▸ **Task details**
Print exactly the lines below between the line containing "Sukkhi Decent Stylish" and the line containing "5NPD84LF1LH629923 2020 HYUNDAI ELANTRA", counting both of those lines. Leave pictures out.

▸ **Records shown**
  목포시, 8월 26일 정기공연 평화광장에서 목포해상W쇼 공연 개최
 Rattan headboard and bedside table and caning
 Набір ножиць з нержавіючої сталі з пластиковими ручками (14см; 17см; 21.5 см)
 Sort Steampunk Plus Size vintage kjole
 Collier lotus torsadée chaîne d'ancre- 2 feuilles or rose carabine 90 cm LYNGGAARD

---

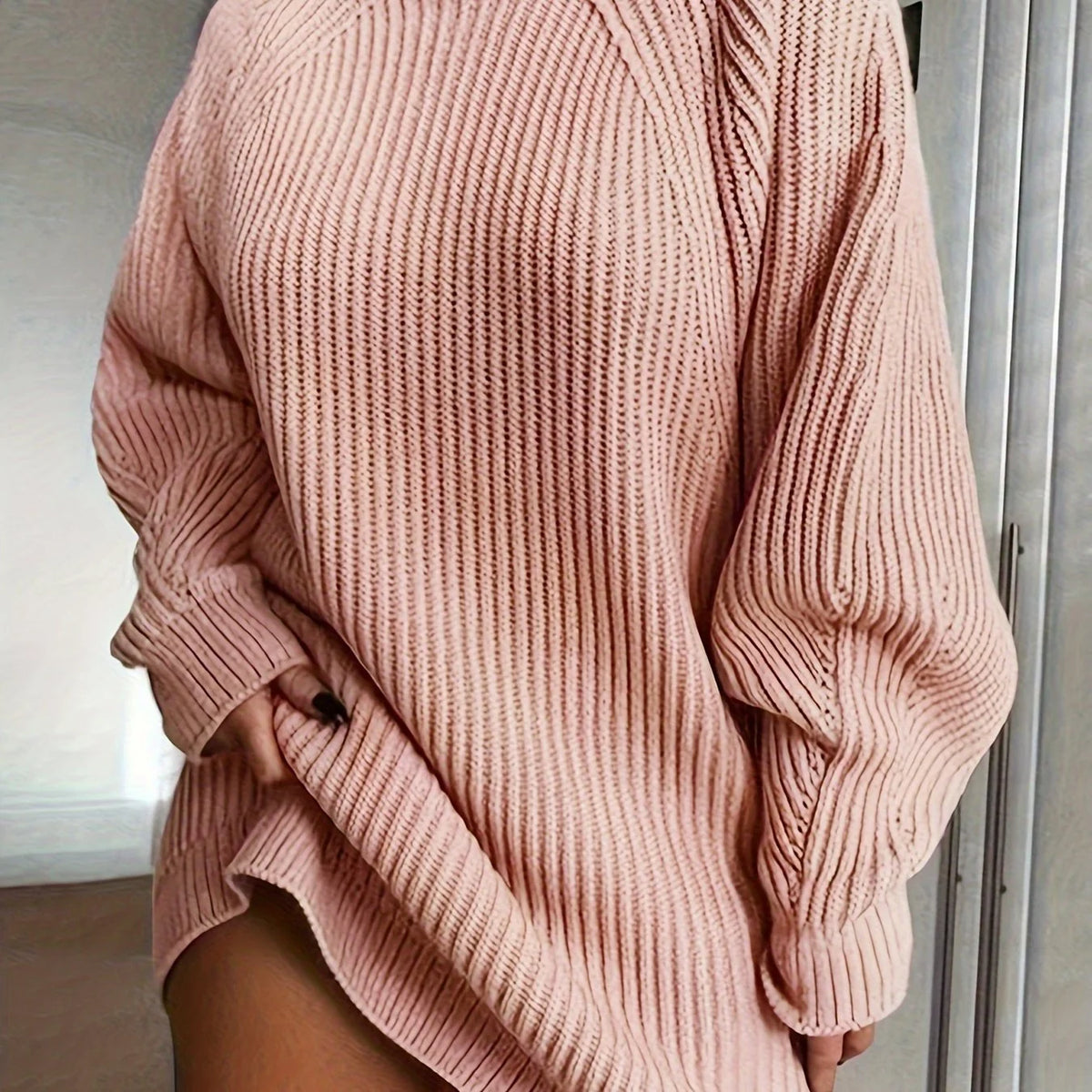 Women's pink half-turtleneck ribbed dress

==

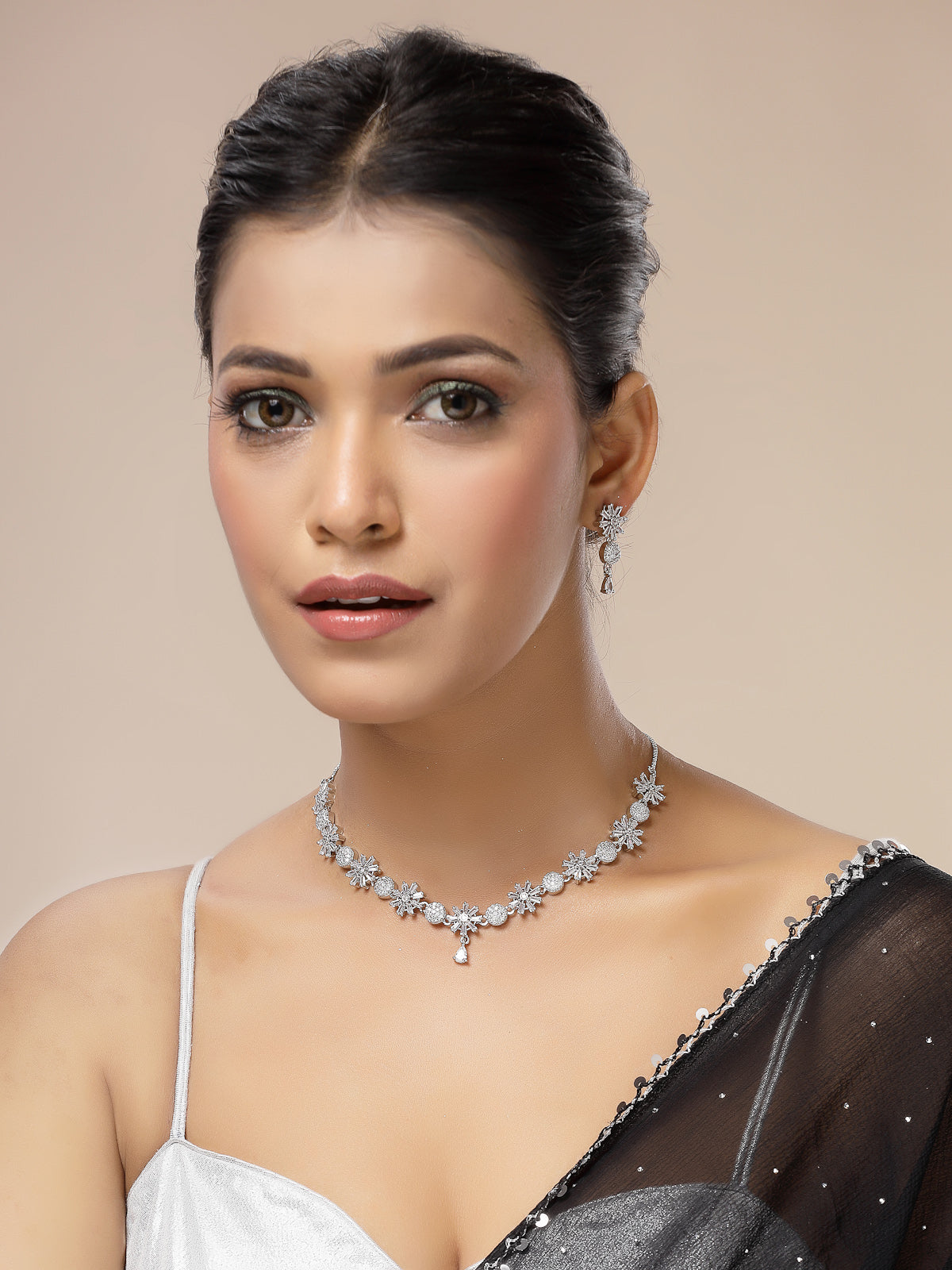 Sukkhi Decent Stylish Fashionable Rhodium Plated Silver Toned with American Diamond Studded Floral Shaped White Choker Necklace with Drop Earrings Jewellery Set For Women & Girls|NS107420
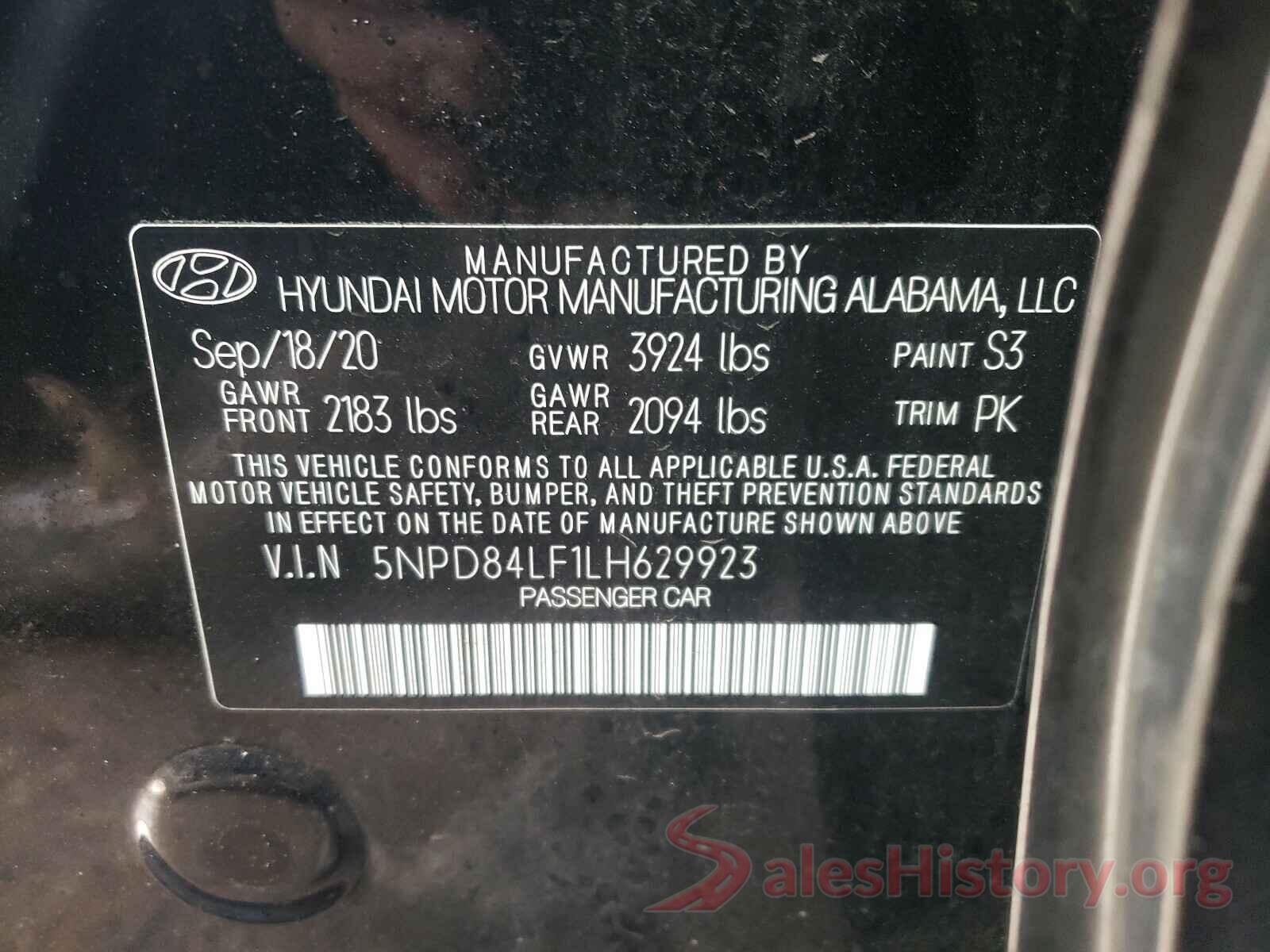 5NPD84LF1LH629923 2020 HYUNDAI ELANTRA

▸ **Expected answer**
 Sukkhi Decent Stylish Fashionable Rhodium Plated Silver Toned with American Diamond Studded Floral Shaped White Choker Necklace with Drop Earrings Jewellery Set For Women & Girls|NS107420
 5NPD84LF1LH629923 2020 HYUNDAI ELANTRA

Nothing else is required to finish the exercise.